A few things to comment on, starting with a recipe....
I had a craving for tuna pizza the other night (I'm pregnant, what can I
say? Besides, I'ts yummy) and for fun I put herbs into the crust, and it
suddenly became extra yummy. So, for fun, I thought I'd share the recipe.
Pizza Dough (for ABM)
3/4 c + 2 tbsp water
2 tbsp olive oil
1 tsp each dried rosemary and oregano
3/4 tsp salt
2 tsp sugar
2 1/2 c flour
2 tsp yeast
Prepare according to your machine's instructions for dough. When dough is
finished, spread onto greased pizza pan. Add toppings.

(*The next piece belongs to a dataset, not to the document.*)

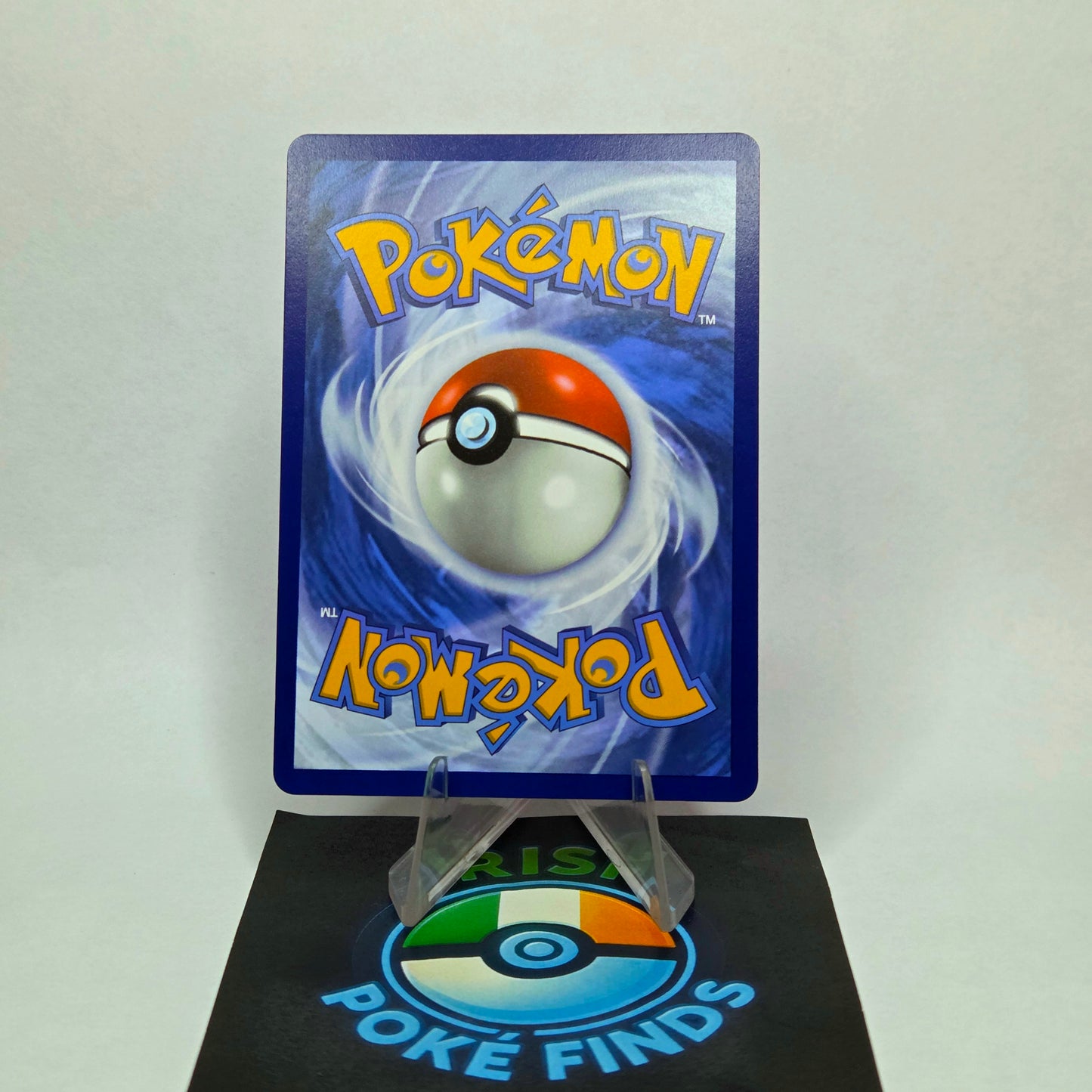 Meloetta ex #159 - Black Bolt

Cook 425, 15-17 min.
Tuna Pizza Topping
1/2 c mushrooms, sliced (I use canned but fresh is probably better)
1/2 c onion, finely chopped
1 clove garlic, minced
2 tbsp olive oil
1 10oz can tomato soup
1 7oz can tuna
1 tsp oregano
chili powder to taste
Heat olive oil in pan and saute onion, mushroom and garlic until tender, but
not brown. Add tuna, tomato soup and seasonings. Let cool slightly before
spreading onto pizza dough.
This tastes better, I find, topped with cheddar cheese rather than mozarella.

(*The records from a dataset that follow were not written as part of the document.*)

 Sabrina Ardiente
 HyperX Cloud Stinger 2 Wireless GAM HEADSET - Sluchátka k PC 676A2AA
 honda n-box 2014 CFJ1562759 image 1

Now don't squinch up your noses and say "ewwwww" until you try it!
Also, Kenneth Athon wrote and asked about preservatives and adding them to
bread. I am not completely sure why I am answering, because my answers fall
into the "I'm not sure" category, but I am a chemical researcher who studies
antioxidants. If you notice your breakfast cereal box, it has BHT on the
label, which is an antioxidant/preservative. You can't buy BHT in the
stores, and really shouldn't wan't to as it is a synthetic antioxidant BUT I
brought it up to tell you that antioxidants are used as preservatives. The
best natural ones I know of are Vitamin C (which is water soluble but
sensitive to heat) and Vitamin E (which is lipid/fat soluble and might stand
up to heat a bit better). Beta Carotene is also thought to be good by some
scientists (don't know about heat sensitivity). Maybe you could find
Vitamin E enriched oil to use, or use carrots for beta-carotene, or use
orange juice in your recipes to help preserve your breads?

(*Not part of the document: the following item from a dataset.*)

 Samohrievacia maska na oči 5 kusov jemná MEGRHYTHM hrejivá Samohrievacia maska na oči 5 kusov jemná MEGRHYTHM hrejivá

And finally, Elaine wrote and asked about converting machine recipes to hand
recipes. Elaine, if you already know how to make bread by hand (which I
agree is lots of fun, though my machine has convinced me that it is more
convenient), you should have no troubles at all converting recipes to
hand...double the ingred (I would anyway, might as well make two loaves as
one if you're going to get your hands dirty anyway) and use your knowhow on
how the bread 'feels' to adjust dry/wet ingred. And enjoy!